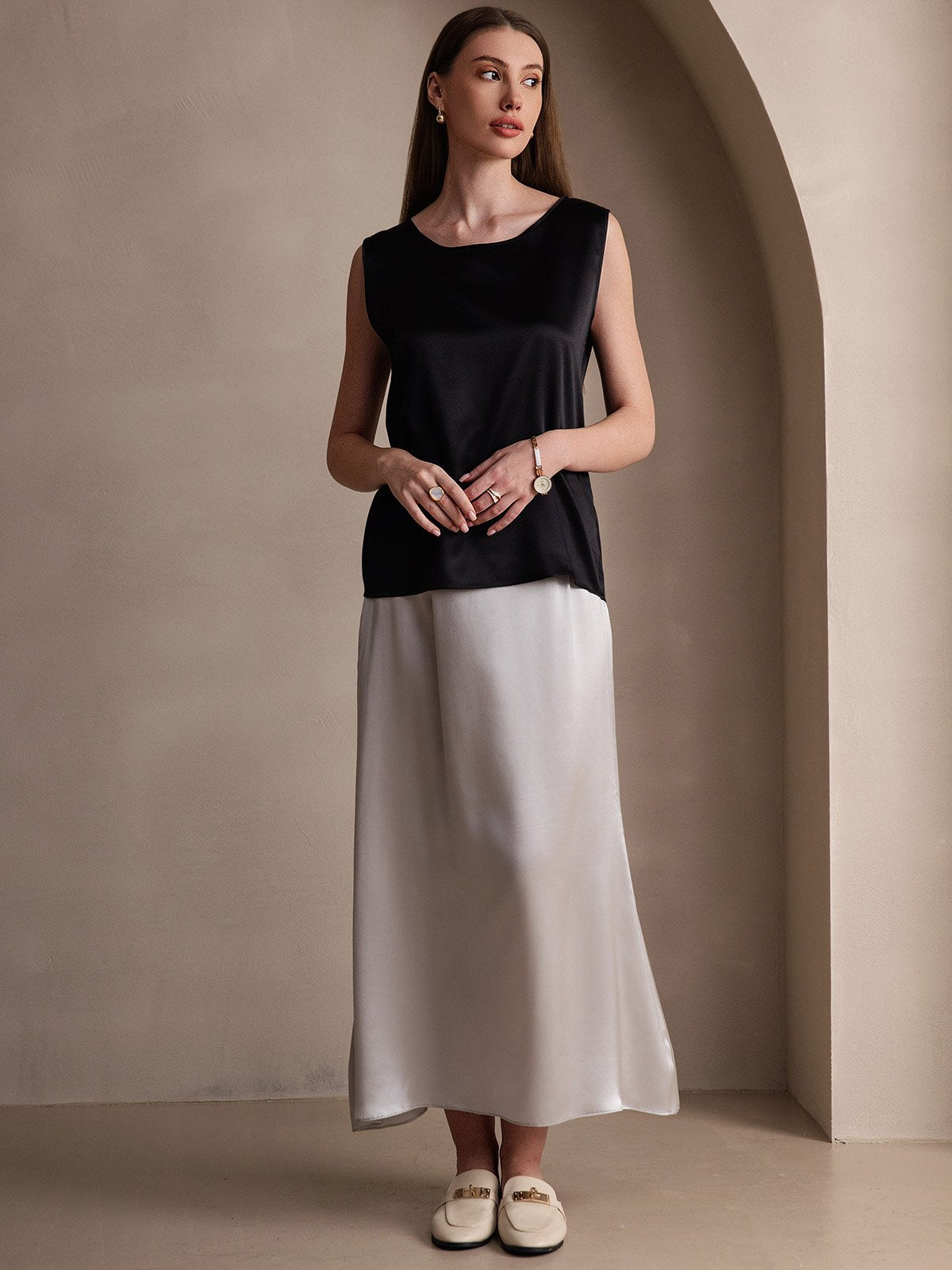 [Light Gray] SilkSilky 19Momme Silk Skirt 006
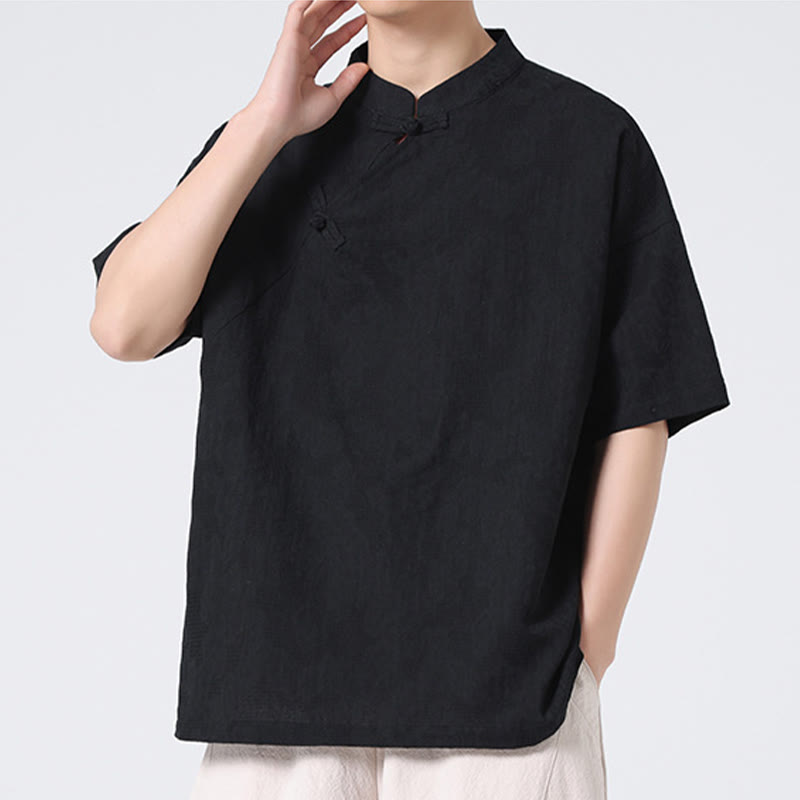 Chemise à manches courtes en coton et lin pour homme, motif floral jacquard, motif Buddha Stones, couleur pure et rétro - image 26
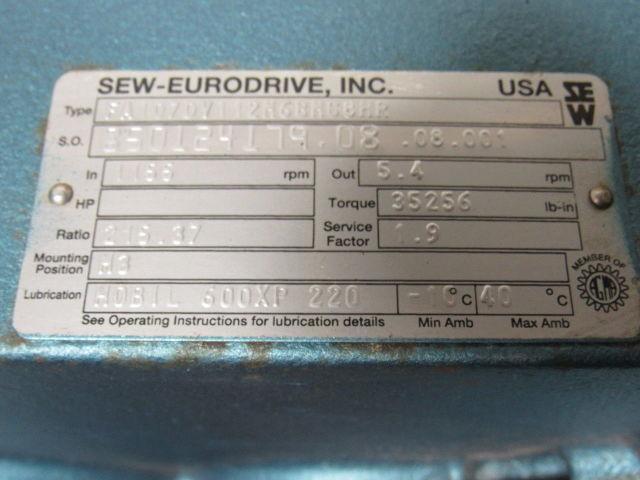SEW EURODRIVE 850124179.08.08.001 Gearmotor Speed Reducer 215.37:1 3HP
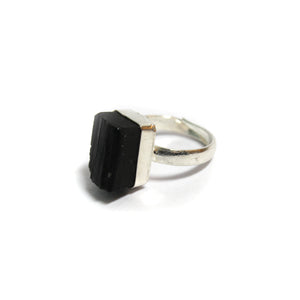 Natural Black Tourmaline Ring Worn on Hand – Protection Crystal Ring | Bellarosa Gems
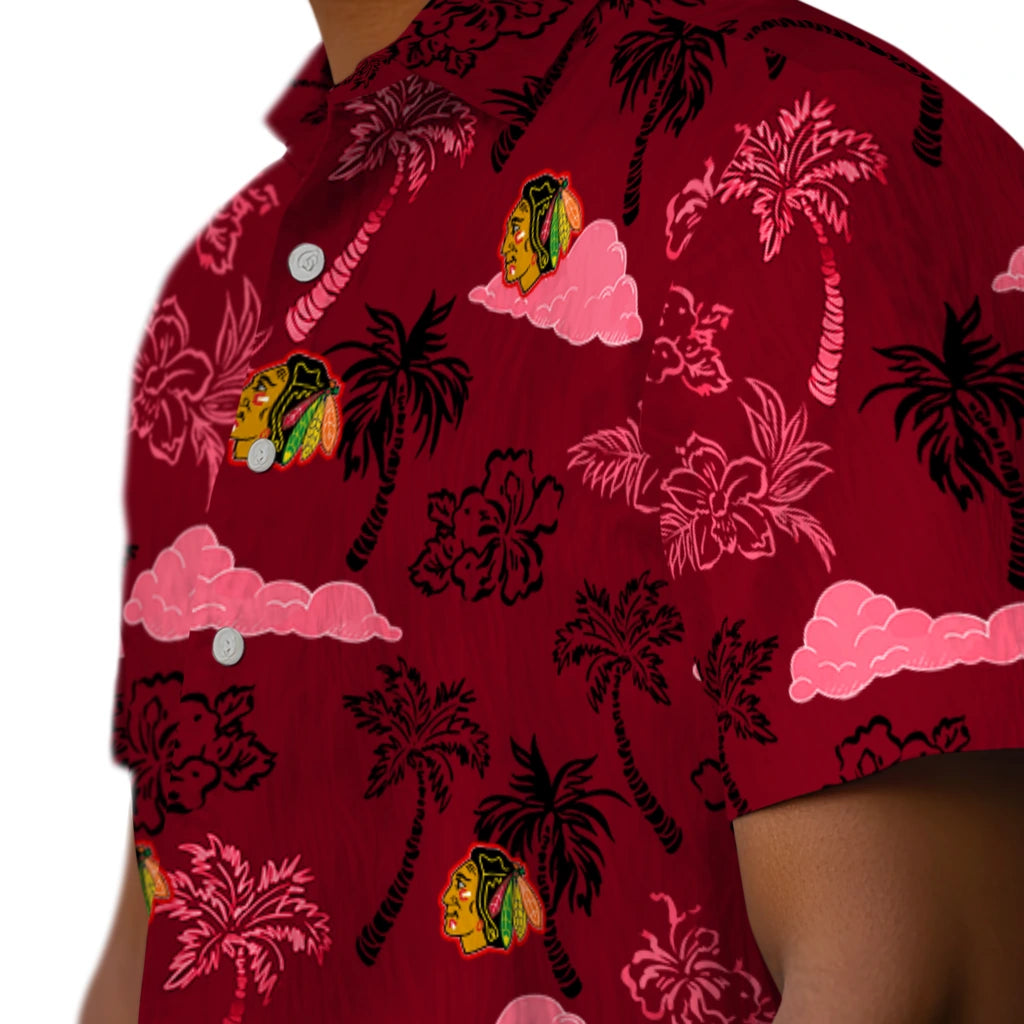 Chicago Blackhawks Hawaiian Shirt - Palm And Clouds | Moonbestprint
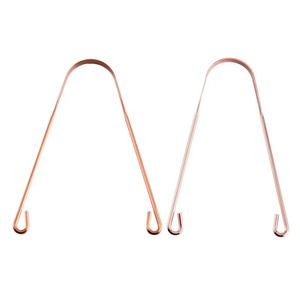 Nettoyage de la bouche en métal Brosse de nettoyage de la langue buccale Outils de soins d'hygiène buccale Grattoir à langue en cuivre en acier inoxydable pour adulte - Product Image 1
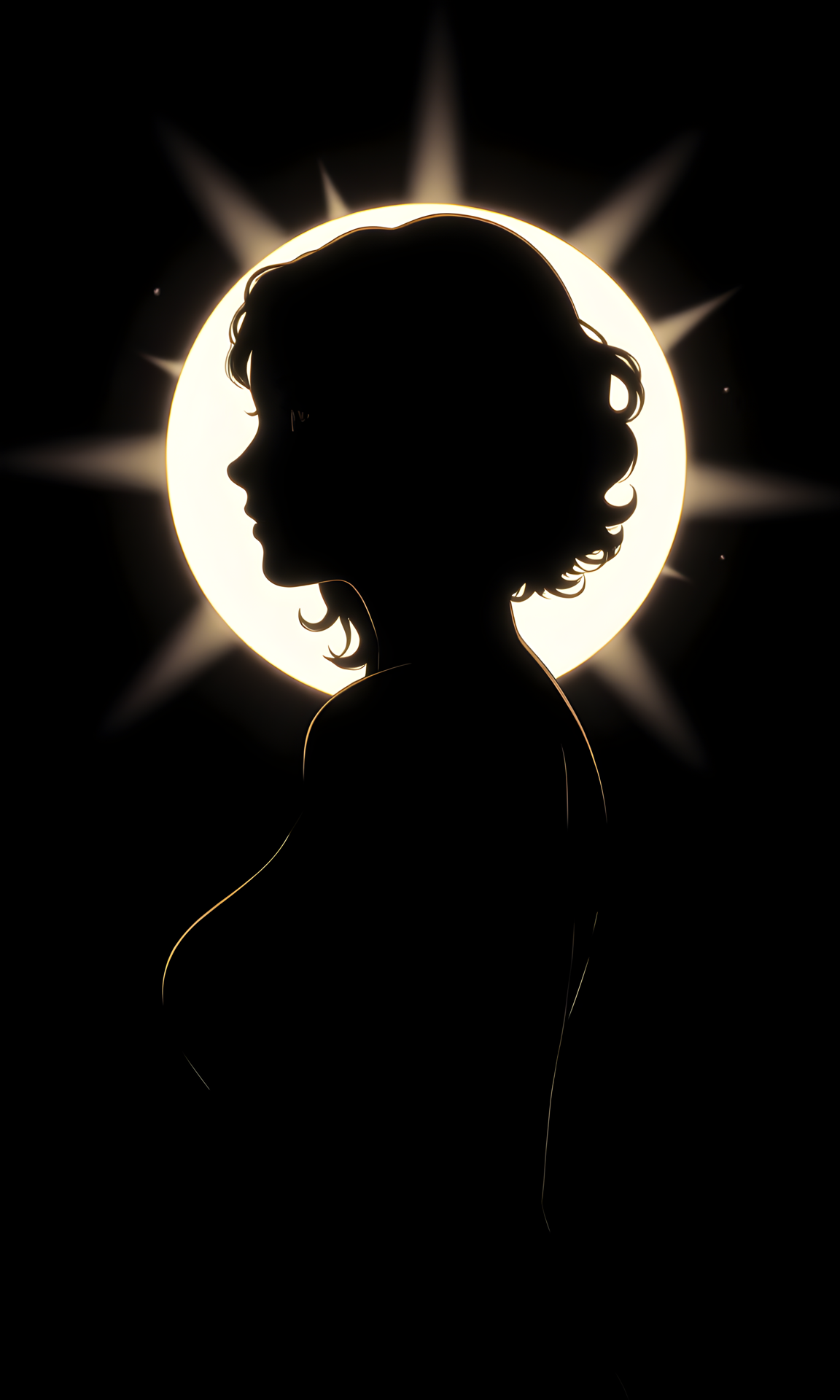 The subject is a woman, captured in silhouette. Her profile is clearly defined against the background, with her head turned slightly to the side. The outline of her hair, which appears to be styled in soft waves or curls, is particularly prominent.
Due to the silhouette effect, the facial expression is not discernible. However, the positioning of her head and the gentle curve of her jawline suggest a calm and composed demeanor.
The woman is standing upright, with her body facing forward and her head turned to the side. This pose creates an elegant and graceful silhouette, emphasizing the contours of her face and neck.
The woman appears to be wearing a dress or top that fits closely to her body, as indicated by the smooth lines of the silhouette. The clothing does not have any distinct features or patterns visible due to the lack of light.
The camera is positioned at eye level, capturing the subject from a side angle. This perspective allows for a clear view of her profile and emphasizes the silhouette effect. The framing is tight, focusing on her upper body and head.
The lighting is dramatic, with a strong light source positioned behind the subject, creating a bright halo effect around her head and shoulders. This backlighting results in a deep black silhouette, with no details visible on her face or clothing. The light beams radiating from behind her add a sense of depth and dimension to the image.
The background is completely dark, providing a stark contrast to the bright light surrounding the subject. There are no discernible features or objects in the background, which helps to keep the focus entirely on the silhouette.
The composition is simple yet powerful, with the subject's silhouette centered in the frame. The use of backlighting and the dark background create a strong visual impact, drawing the viewer's attention to the elegant lines of the woman's profile. The overall effect is one of mystery and beauty, enhanced by the interplay of light and shadow.
BREAK j_art, anime, anime art, <lora:FLUX\RetroAnimeS1.1:0.1>, <lora:FLUX\GLSHS:0.1>, <lora:FLUX\Dieselpunk Delight - s0_9 g4:0.1>, <lora:FLUX\Anime Art V3:0.1>, <lora:FLUX\jul\J_Anime:1.0>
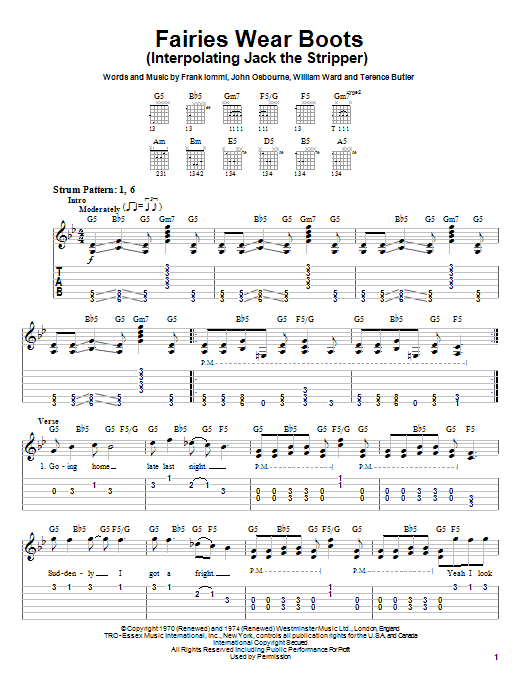 Black Sabbath Fairies Wear Boots (Interpolating Jack The Stripper) sheet music preview music notes and score for Easy Guitar Tab including 5 page(s)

| Work instruction |
Copy out each line of the data exactly as it reads; skip the pictures.

| Worked solution |
 [Light Gray] SilkSilky 19Momme Silk Skirt 006
 Chemise à manches courtes en coton et lin pour homme, motif floral jacquard, motif Buddha Stones, couleur pure et rétro - image 26
SEW EURODRIVE 850124179.08.08.001 Gearmotor Speed Reducer 215.37:1 3HP
 Natural Black Tourmaline Ring Worn on Hand – Protection Crystal Ring | Bellarosa Gems
 Chicago Blackhawks Hawaiian Shirt - Palm And Clouds | Moonbestprint
 Nettoyage de la bouche en métal Brosse de nettoyage de la langue buccale Outils de soins d'hygiène buccale Grattoir à langue en cuivre en acier inoxydable pour adulte - Product Image 1
 The subject is a woman, captured in silhouette. Her profile is clearly defined against the background, with her head turned slightly to the side. The outline of her hair, which appears to be styled in soft waves or curls, is particularly prominent.
Due to the silhouette effect, the facial expression is not discernible. However, the positioning of her head and the gentle curve of her jawline suggest a calm and composed demeanor.
The woman is standing upright, with her body facing forward and her head turned to the side. This pose creates an elegant and graceful silhouette, emphasizing the contours of her face and neck.
The woman appears to be wearing a dress or top that fits closely to her body, as indicated by the smooth lines of the silhouette. The clothing does not have any distinct features or patterns visible due to the lack of light.
The camera is positioned at eye level, capturing the subject from a side angle. This perspective allows for a clear view of her profile and emphasizes the silhouette effect. The framing is tight, focusing on her upper body and head.
The lighting is dramatic, with a strong light source positioned behind the subject, creating a bright halo effect around her head and shoulders. This backlighting results in a deep black silhouette, with no details visible on her face or clothing. The light beams radiating from behind her add a sense of depth and dimension to the image.
The background is completely dark, providing a stark contrast to the bright light surrounding the subject. There are no discernible features or objects in the background, which helps to keep the focus entirely on the silhouette.
The composition is simple yet powerful, with the subject's silhouette centered in the frame. The use of backlighting and the dark background create a strong visual impact, drawing the viewer's attention to the elegant lines of the woman's profile. The overall effect is one of mystery and beauty, enhanced by the interplay of light and shadow.
BREAK j_art, anime, anime art, <lora:FLUX\RetroAnimeS1.1:0.1>, <lora:FLUX\GLSHS:0.1>, <lora:FLUX\Dieselpunk Delight - s0_9 g4:0.1>, <lora:FLUX\Anime Art V3:0.1>, <lora:FLUX\jul\J_Anime:1.0>
 Black Sabbath Fairies Wear Boots (Interpolating Jack The Stripper) sheet music preview music notes and score for Easy Guitar Tab including 5 page(s)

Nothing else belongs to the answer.